*** Opening Records shown ***

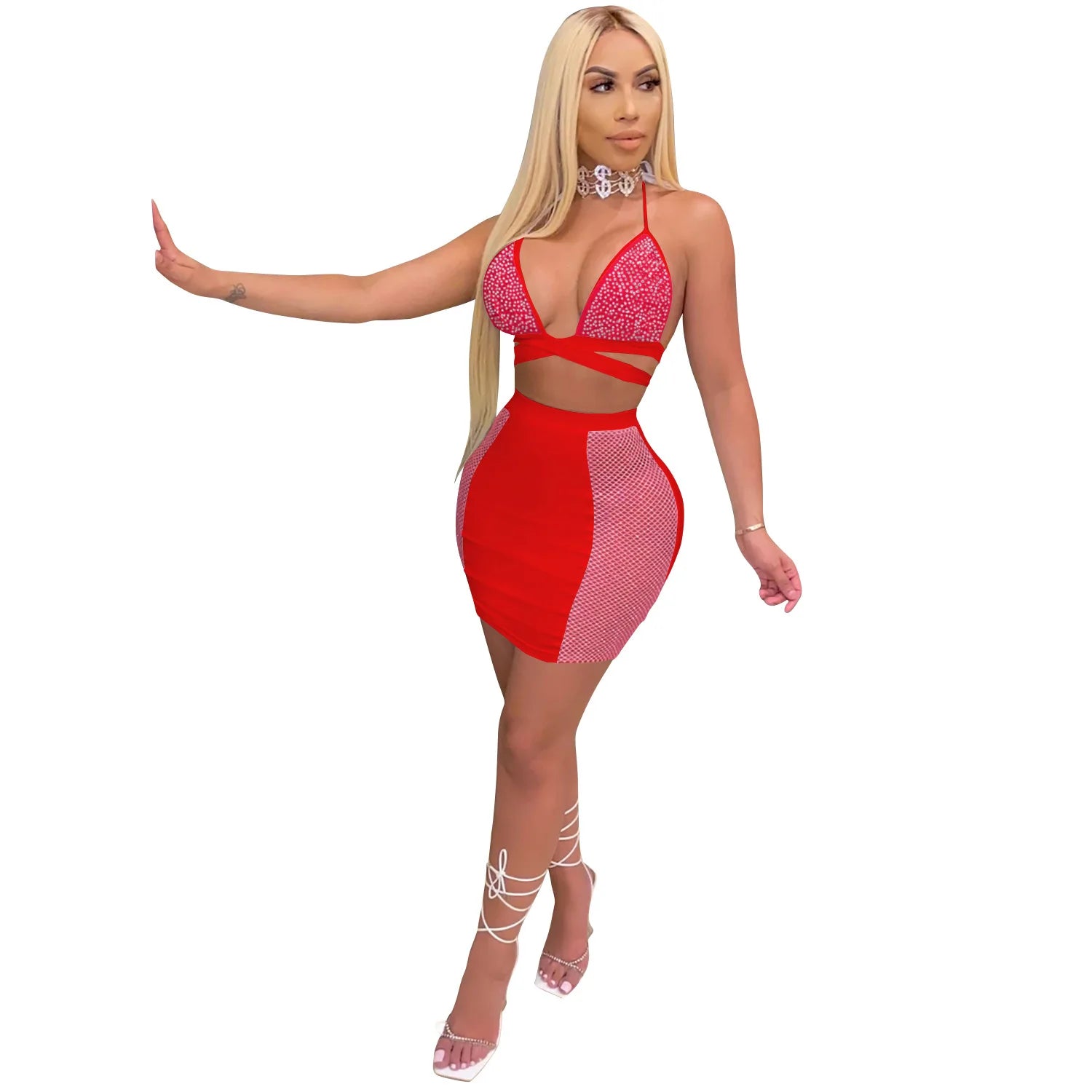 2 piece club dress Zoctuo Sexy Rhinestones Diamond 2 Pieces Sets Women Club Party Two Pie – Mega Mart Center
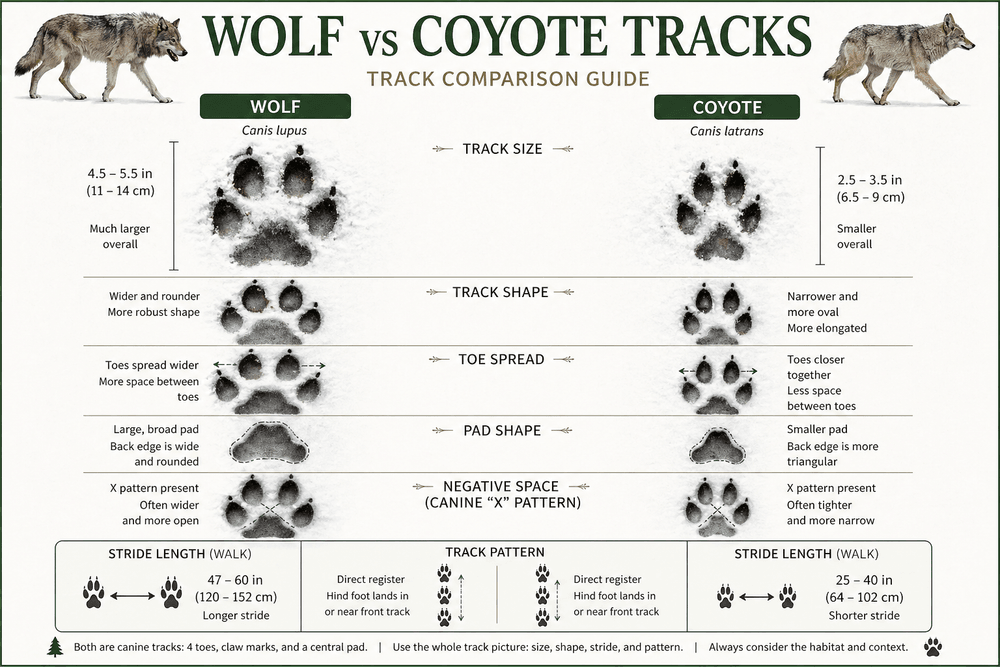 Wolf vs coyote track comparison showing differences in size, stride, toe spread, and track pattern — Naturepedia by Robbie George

*** Closing Records shown ***
*** Opening Records shown ***

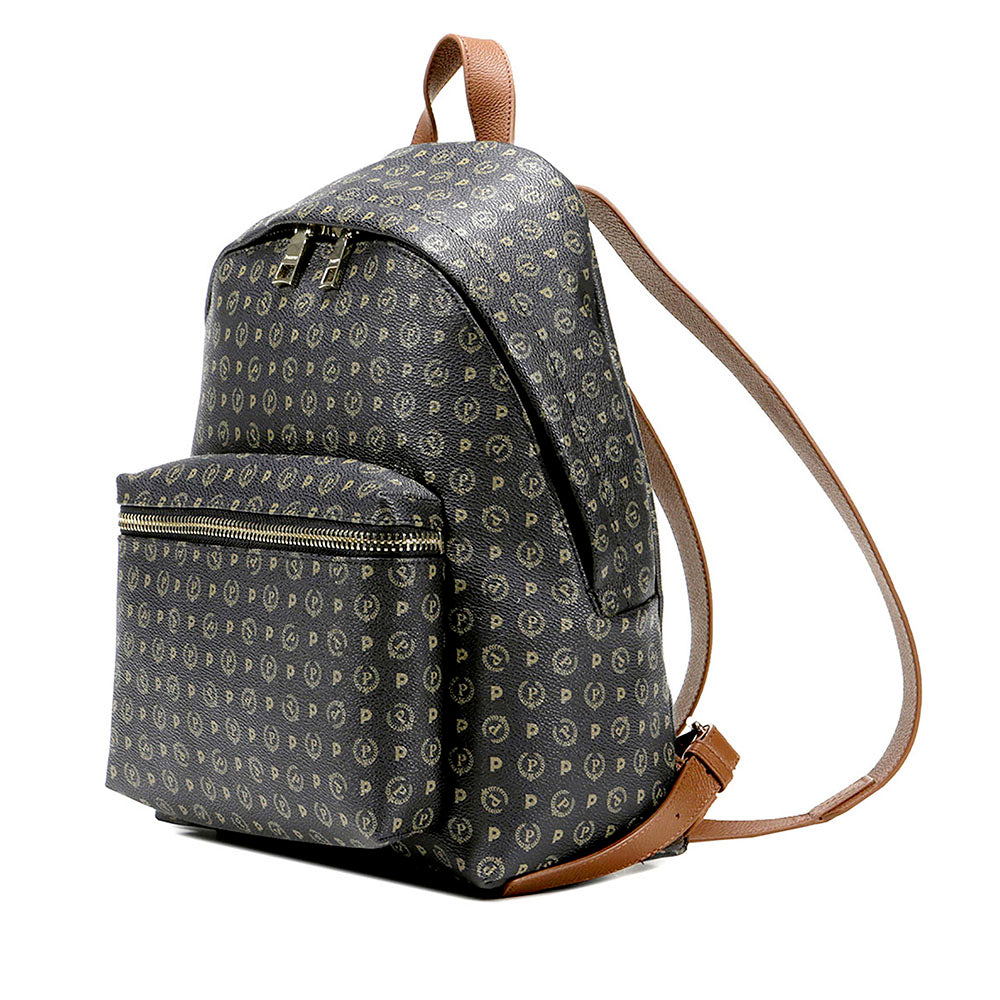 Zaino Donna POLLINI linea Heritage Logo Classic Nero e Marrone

*** Closing Records shown ***
*** Opening Records shown ***

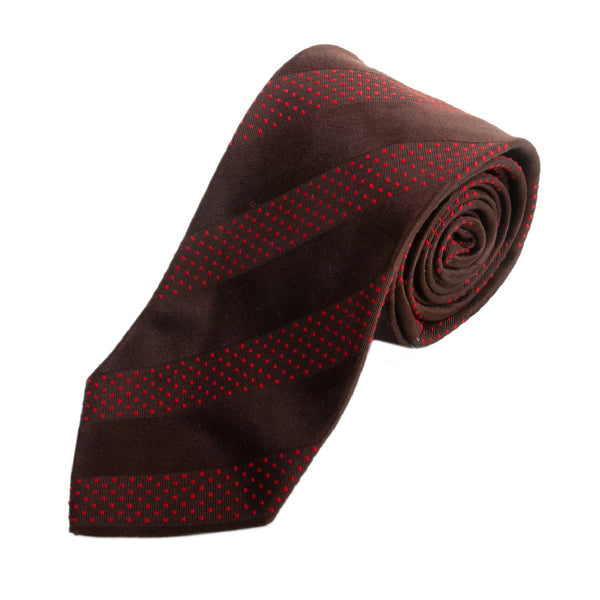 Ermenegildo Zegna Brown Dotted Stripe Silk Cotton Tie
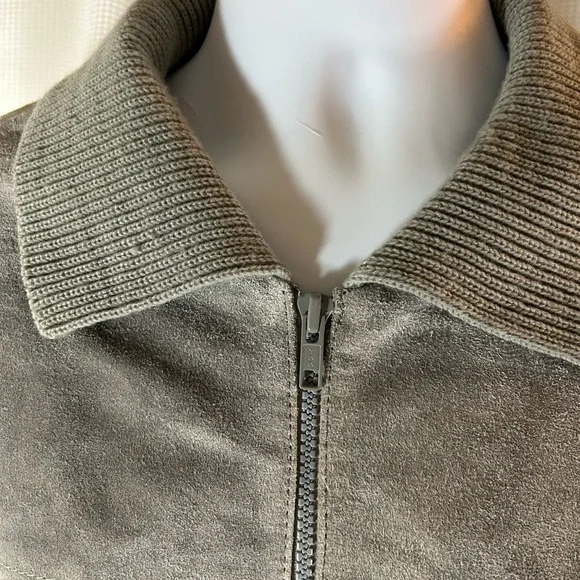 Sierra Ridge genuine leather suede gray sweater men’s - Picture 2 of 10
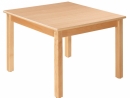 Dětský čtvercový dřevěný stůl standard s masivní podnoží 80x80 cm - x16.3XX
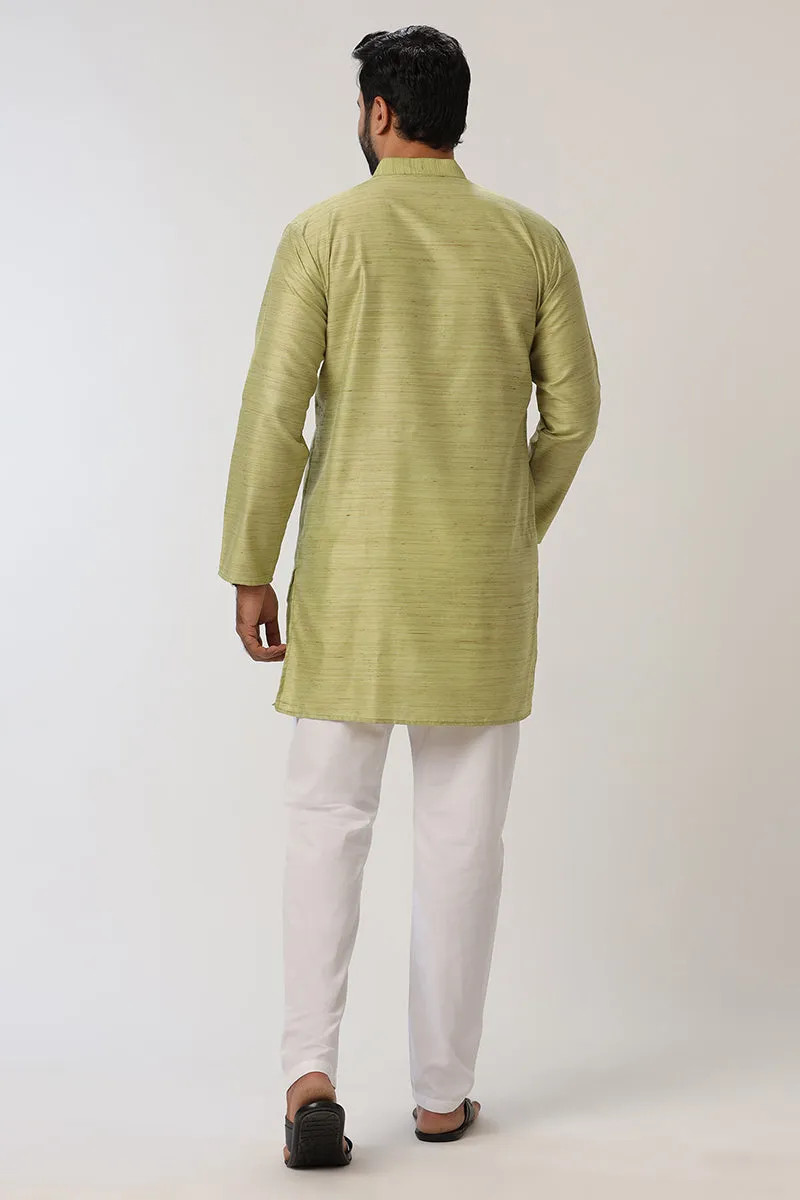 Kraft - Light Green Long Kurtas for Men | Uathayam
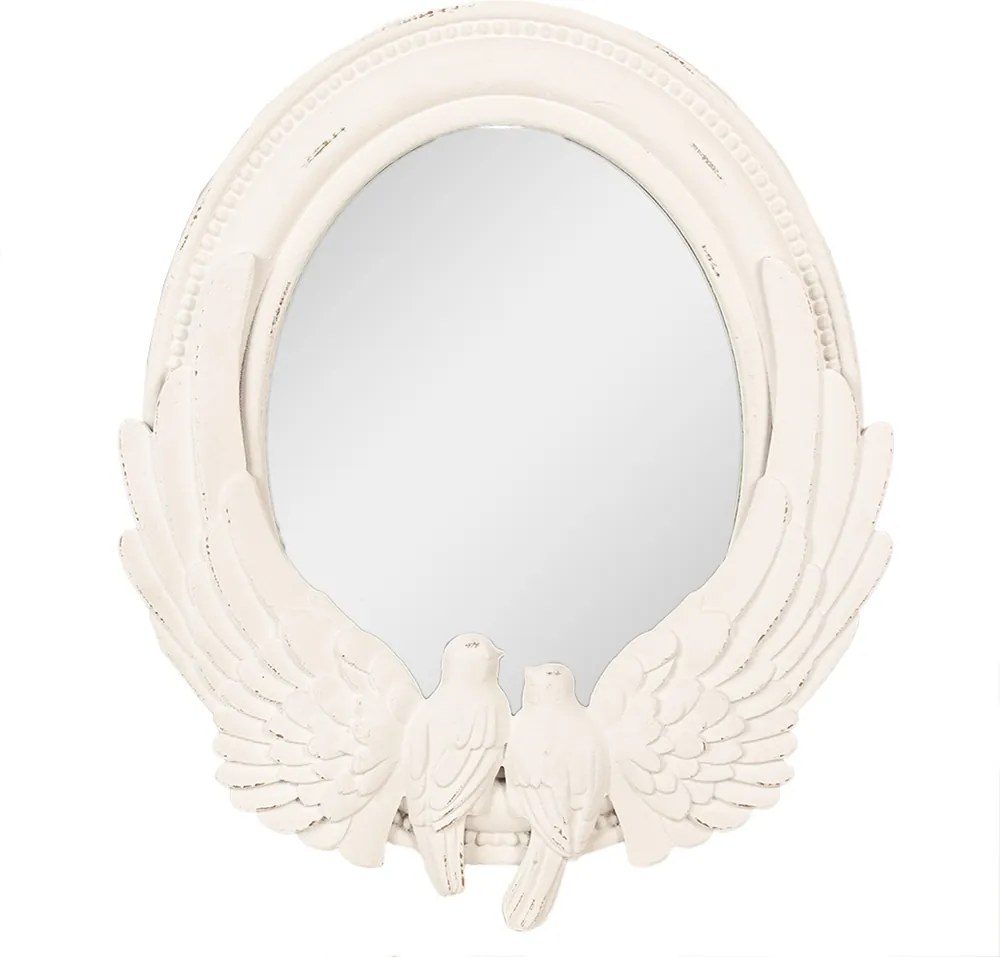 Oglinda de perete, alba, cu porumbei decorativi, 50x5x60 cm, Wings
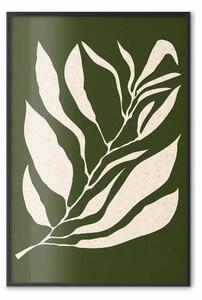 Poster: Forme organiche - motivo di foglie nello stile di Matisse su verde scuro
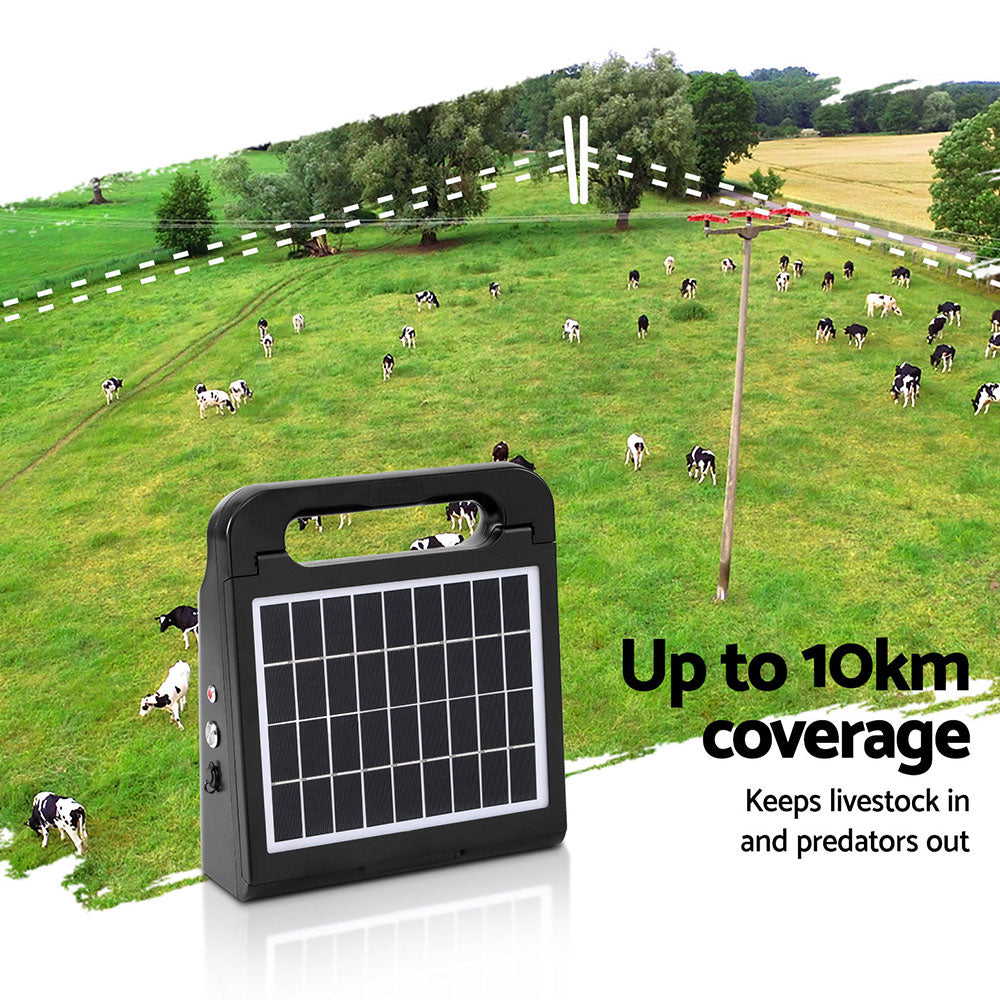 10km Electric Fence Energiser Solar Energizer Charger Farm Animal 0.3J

*** Closing Records shown ***

• _Assignment_
Copy only what lies between the line with "Dětský čtvercový dřevěný" and the line with "10km Electric Fence", those two lines included, exactly as given above; pictures stay out.

• _Reply_
 Dětský čtvercový dřevěný stůl standard s masivní podnoží 80x80 cm - x16.3XX
 Kraft - Light Green Long Kurtas for Men | Uathayam
 Oglinda de perete, alba, cu porumbei decorativi, 50x5x60 cm, Wings
 Poster: Forme organiche - motivo di foglie nello stile di Matisse su verde scuro
 10km Electric Fence Energiser Solar Energizer Charger Farm Animal 0.3J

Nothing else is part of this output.